- **Task to complete**
Every line between the one containing "CANSON Kids Sketchbook, 90" and the last line of the data, both included, is to be set down exactly, and pictures are to be omitted.

- **Extracted entries**
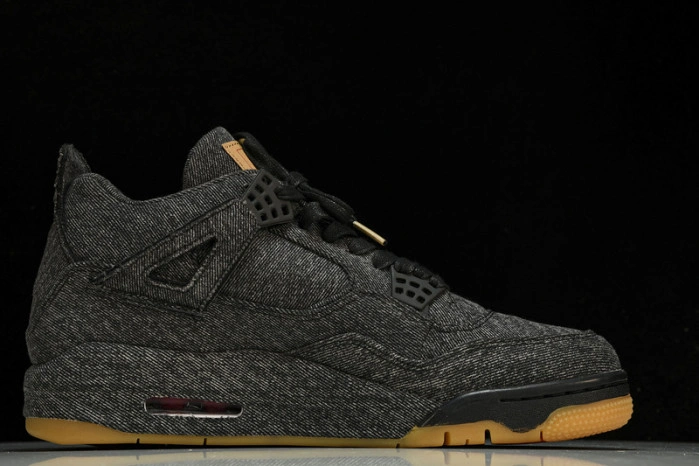 Air Jordan 4 Retro Levis NRG  Levis - Black Denim AO2571-001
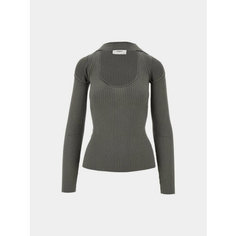 Лонгслив Coperni Cut-Out Knit, размер S, , серый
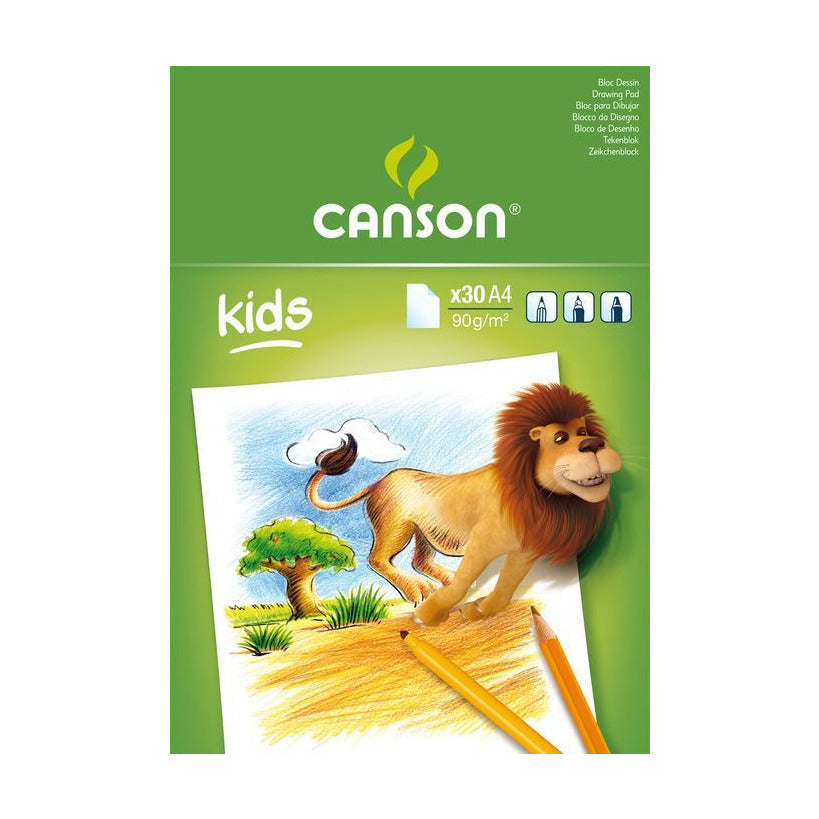 CANSON Kids Sketchbook, 90 g/m², 30 Sheets, A5–A4 Format
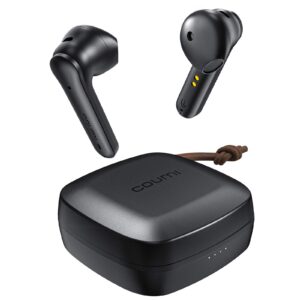 [2021 Upgraded]Wireless Earbuds Bluetooth 5.0 Earphones 4 Mics ENC Noise Cancelling for Call,Hi-Fi Stereo Sports Earbuds,IPX7 Waterproof,32 Hrs Playback Wireless Charging for iPhone and Android,Black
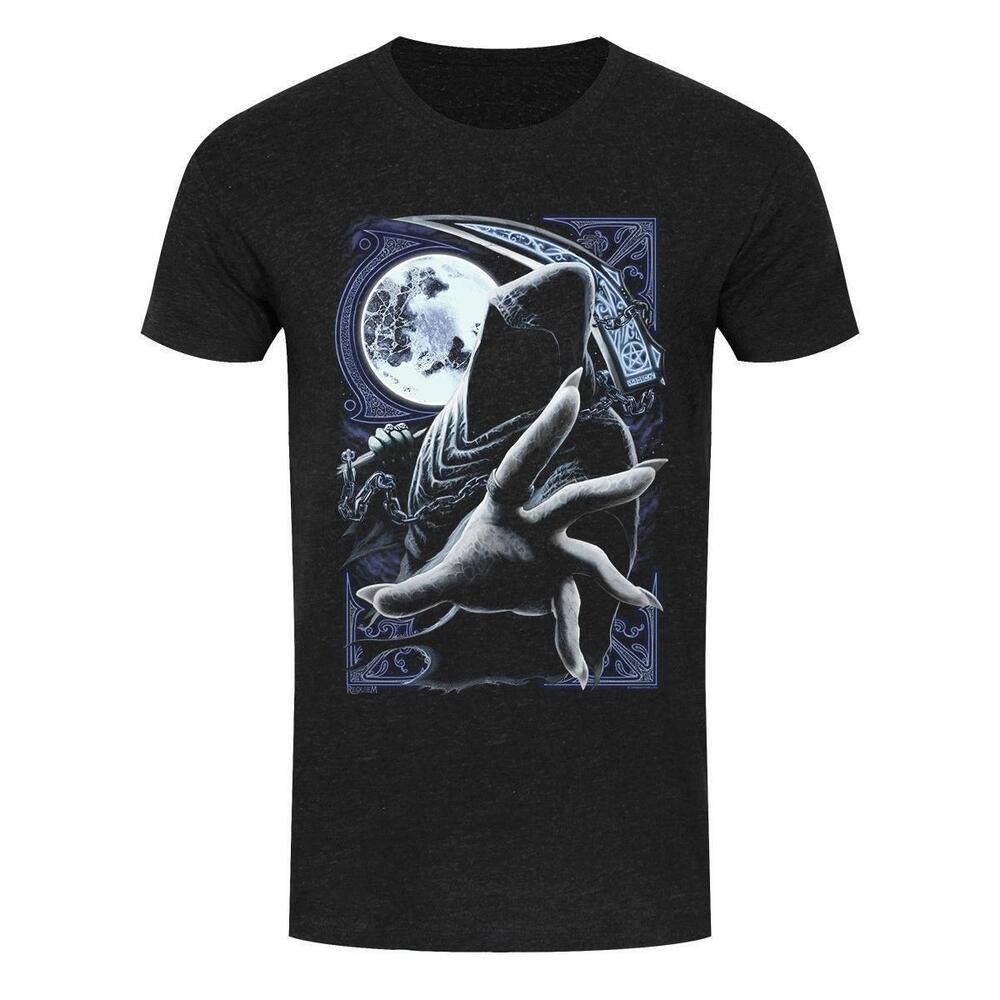 Requiem Collective Enslaved Reaper Mens Heather Black Denim Tshirt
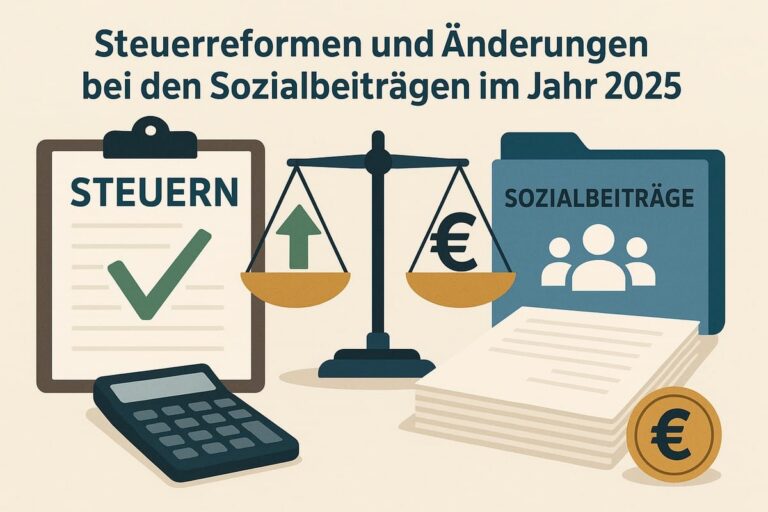 Steuerreformen und Änderungen bei den Sozialbeiträgen im Jahr 2025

- **Expected answer**
 CANSON Kids Sketchbook, 90 g/m², 30 Sheets, A5–A4 Format
 [2021 Upgraded]Wireless Earbuds Bluetooth 5.0 Earphones 4 Mics ENC Noise Cancelling for Call,Hi-Fi Stereo Sports Earbuds,IPX7 Waterproof,32 Hrs Playback Wireless Charging for iPhone and Android,Black
 Requiem Collective Enslaved Reaper Mens Heather Black Denim Tshirt
 Steuerreformen und Änderungen bei den Sozialbeiträgen im Jahr 2025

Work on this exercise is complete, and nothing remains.